The Meaning of Spike Lee's Words
Roger L. Simon says what we all could figure out about Spike Lee--especially after the latter's "plantation" remark to Clint Eastwood:
Like Jesse Jackson and Al Sharpton, time has been passing Spike Lee by. His worldview comes from another era and he has never really sought to revise it, to open his eyes. Proof of that is that for more than a decade Spike has barely made a film any of us can remember. Compare that to Eastwood, who, although some twenty-seven years Lee’s senior, is at the top of his career, having scored big in 2003-2004 with Mystic River and Million Dollar Baby.Rumor has it that Hollywood is one of the most racist places in the country. Though I live in LA, I don't operate in that world, so I don't know first hand whether this is so; however, even if this is true, there was a time when Lee's career flourished, perhaps peaking with 1992's Malcolm X--something which may have been a function of Denzel Washington's Oscar-nominated performance.No wonder Spike’s jealous.

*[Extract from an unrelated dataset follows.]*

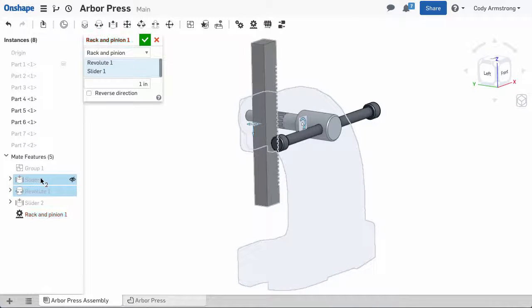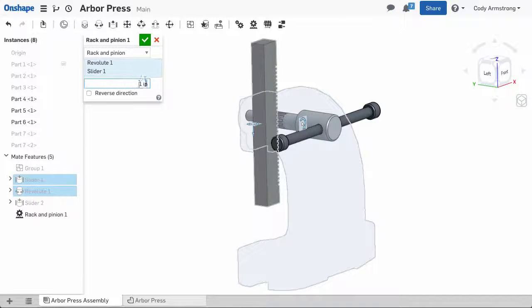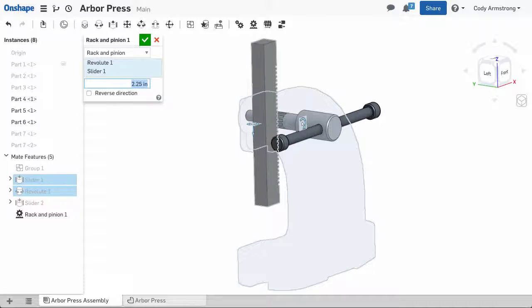The last step is to define the amount of linear travel. For every rotation of the pinion gear, the rack will move in a linear direction this amount.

So what does he do? He reaches back to an era when he was more successful. He plays the old identity/race card. Now we could all laugh and say this is just another case of an (prematurely) aging artist grasping for attention, but these times are more complex than that. We don’t know which way we are going - toward a post-racial future or back to a racist past.

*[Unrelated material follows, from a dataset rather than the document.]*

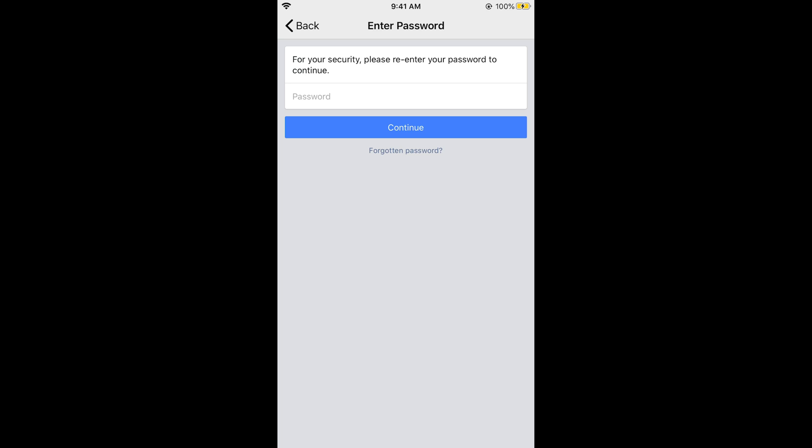Now if you want to reactivate your account, simply go and log into your Facebook or Messenger account. Once you log in it would ask you an option to activate your account. Simply go and activate your account and your account will be reactivated.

Spike made a successful, vaunted career by making movies about race or with race as a backdrop. He was the go-to director for such a genre and perhaps that's the problem. When he tried to branch out and away from that racial strait-jacket, it became obvious that he really isn't that great of a director.
So now Lee does what he has to do to get attention for his new project, Miracle at St. Anna, even stooping to taking cheap racial shots at the far more successful (and old, white, male, Republican) Eastwood of all people. I hope that the actors, no one I've heard of except for John Turturro, don't suffer for his stupidity and short-sightedness. That's the only reason that I might go see the movie.

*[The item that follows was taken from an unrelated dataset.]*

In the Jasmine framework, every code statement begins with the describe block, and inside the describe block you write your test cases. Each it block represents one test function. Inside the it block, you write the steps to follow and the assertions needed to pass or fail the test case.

Roger wonders how Lee's tactic relates to the post-racial future allegedly on the horizon. Thinking about the tenets of James Cone's and Jeremiah Wright's and Barack Obama's Black Liberation Theology, I personally wonder what the term 'post-racial' means to the proponents of that religion and to the Spike Lees of the world. Post white-racial "dominance," perhaps, would be a more descriptive term.
The question remains, however: what would replace it?